Although the negative sign is intuitive; the gas is warmer than the surrounding ice-water mixture and heat flows out until the system reaches equilibrium.

 

[knc]

Yes. Let's see what you get.

$W_a + W_c = W_{net} \\ W_a = m L_f - W_c \\ W_c = -nRT \ln{4} \\ W_a = m L_f + nRT \ln{4}$

 

[knc]

Does this mean the work done in step A is equal-but-opposite to the heat transfer in step B? Does this make sense?

 

[Chestermiller]

$$W_{total}=-Q_{total}=+mL_f$$
$$W_C=nRT\ln{4}$$
$$W_A=W_{total}-W_C=mL_f-nRT\ln{4}$$

 

[knc]

$$W_{total}=-Q_{total}=+mL_f$$
$$W_C=nRT\ln{4}$$
$$W_A=W_{total}-W_C=mL_f-nRT\ln{4}$$

So in step C, $\Delta E_{int} = 0$
$$ Q_c + W_c = 0 \\ Q_c = - W_c $$
Using integral to solve for W_c:
$$ W_c = - \int_{V_2}^{4V_2} \frac{nRT}{V} dV \\ W_c = - nRT \ln{4} $$

How did you get positive work done? The piston is being raised, so isn't the gas doing work on its surroundings? Hence the negative?

 

[Chestermiller]

So in step C, $\Delta E_{int} = 0$
$$ Q_c + W_c = 0 \\ Q_c = - W_c $$
Using integral to solve for W_c:
$$ W_c = - \int_{V_2}^{4V_2} \frac{nRT}{V} dV \\ W_c = - nRT \ln{4} $$

How did you get positive work done? The piston is being raised, so isn't the gas doing work on its surroundings? Hence the negative?
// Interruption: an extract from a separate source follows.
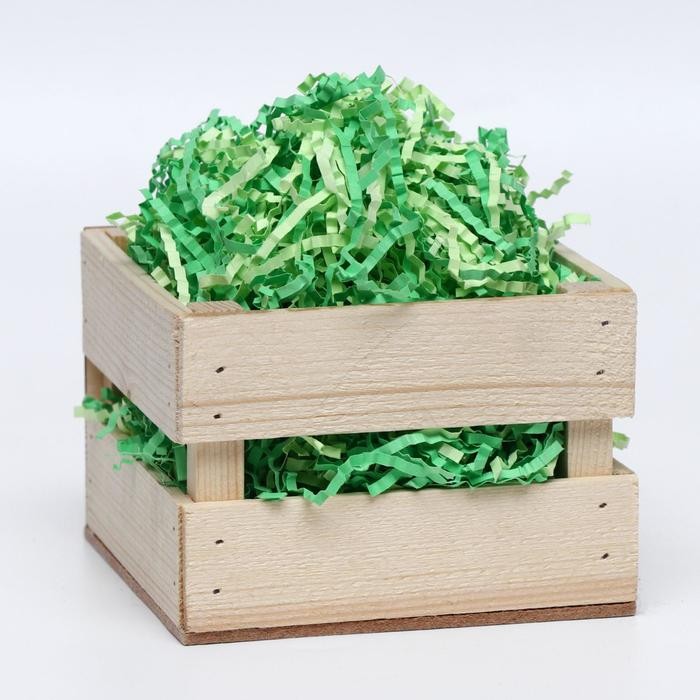 Наполнитель бумажный для подарков «Травушка», МИКС, 50 г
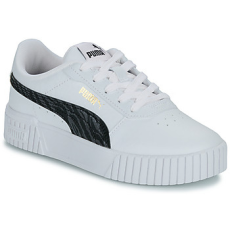 Puma Rövid szárú edzőcipők Carina 2.0 Zebra PS Fehér 30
Oops. Sorry. You're right. My bad.

 

[knc]

Oops. Sorry. You're right. My bad.

So is it correct that the heat transfer in step B is equal to opposite of work done in step A?
$$ Q_b = - W_a $$

 

[Chestermiller]

So is it correct that the heat transfer in step B is equal to opposite of work done in step A?
$$ Q_b = - W_a $$

Sure. Now, can you explain why?

 

[knc]

$$ Q_{net} = - W_{net} $$
$$ Q_a + Q_b + Q_c = -W_a - W_b - W_c $$
$$ \Delta E_{int,c} = \Delta E_{int,a} = 0 $$
$$ Q_a = -W_a \\ Q_c = - W_c $$
$$ -W_a + Q_b - W_c = -W_a - W_b - W_c $$
$$ Q_b = -W_a $$
Mathematically it makes sense. What physical implications does this hold?

 

[Chestermiller]

Step B brings the temperature back down to the value before Step A. So there is no change in internal energy over steps A and B. Work is done in step A but no heat; heat is done in step B, but no work.

 

[knc]

Thanks for the help.